By Kristen Miller
DASSEL, MN - Being crowned Miss Minnesota is a dream for 2008 Dassel-Cokato graduate Natalie Davis, who was recently named second runner-up to Miss Minnesota June 20.
With this being her fifth pageant competition, Davis is on a roll and isn’t about to give up now, she said.
Davis got a taste of what it would be like to be Miss Minnesota in 2006, when she was named Miss Minnesota’s Outstanding Teen.
She then went on to compete nationally, where she won the Outstanding Academic Achievement award.
“I guess my nerdiness paid off,” Davis joked.
What Davis calls her first “big girl pageant” took place last August, when she won Miss South Central, making her eligible to be one of 17 women to compete for the crown of Miss Minnesota.
“These were the ‘cream of the crop’,” Davis said. The Miss Minnesota board members said that this was the most competitive group they have seen in a quarter of a century.
“I worked hard and my hard work paid off,” she said, noting that last year’s first and second runners-up, competing again this year, didn’t make it into the top five.
“And they are so talented. It just tells you how competitive it was,” she said.

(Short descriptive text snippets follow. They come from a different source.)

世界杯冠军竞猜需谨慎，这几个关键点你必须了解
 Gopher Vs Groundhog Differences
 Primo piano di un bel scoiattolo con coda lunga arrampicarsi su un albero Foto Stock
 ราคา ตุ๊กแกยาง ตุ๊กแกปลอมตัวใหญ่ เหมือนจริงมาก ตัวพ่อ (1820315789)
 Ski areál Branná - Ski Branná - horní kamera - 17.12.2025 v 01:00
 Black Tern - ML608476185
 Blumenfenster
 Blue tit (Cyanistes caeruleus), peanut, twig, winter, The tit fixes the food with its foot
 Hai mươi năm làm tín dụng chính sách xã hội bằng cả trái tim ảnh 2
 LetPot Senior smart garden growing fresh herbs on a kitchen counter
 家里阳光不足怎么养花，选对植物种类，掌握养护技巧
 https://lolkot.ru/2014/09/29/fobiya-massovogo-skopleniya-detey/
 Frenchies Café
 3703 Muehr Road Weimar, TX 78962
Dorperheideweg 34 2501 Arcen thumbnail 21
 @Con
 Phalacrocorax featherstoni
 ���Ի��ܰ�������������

The intense pageant week began June 14 and ended June 20, with Davis receiving a $750 scholarship for her win.
Davis was also one of the top five finalists for the Quality of Life award honoring dedication to one’s platform.
Each pageant contestant has a platform, or a service they devote themselves to.
For Davis, her platform is “Autism Awareness: Solving the Puzzle,” and it is very important to her because her 17-year-old brother, Trevor, who has Asperger’s Syndrome, an autism spectrum disorder.
Davis explained autism as a communication disorder with different levels of severity.
In many cases, a person with autism will have poor eye contact, a hard time understanding facial and body language, and have a difficult time in social situations, according to Davis.
“Going to the same high school as Trevor, I got a front row seat to how mean people can be,” Davis said, explaining it was hard for her brother to make friends.
She remembers seeing Trevor sitting in the lunch room alone at a table. He looked up at her and he had tears in his eyes.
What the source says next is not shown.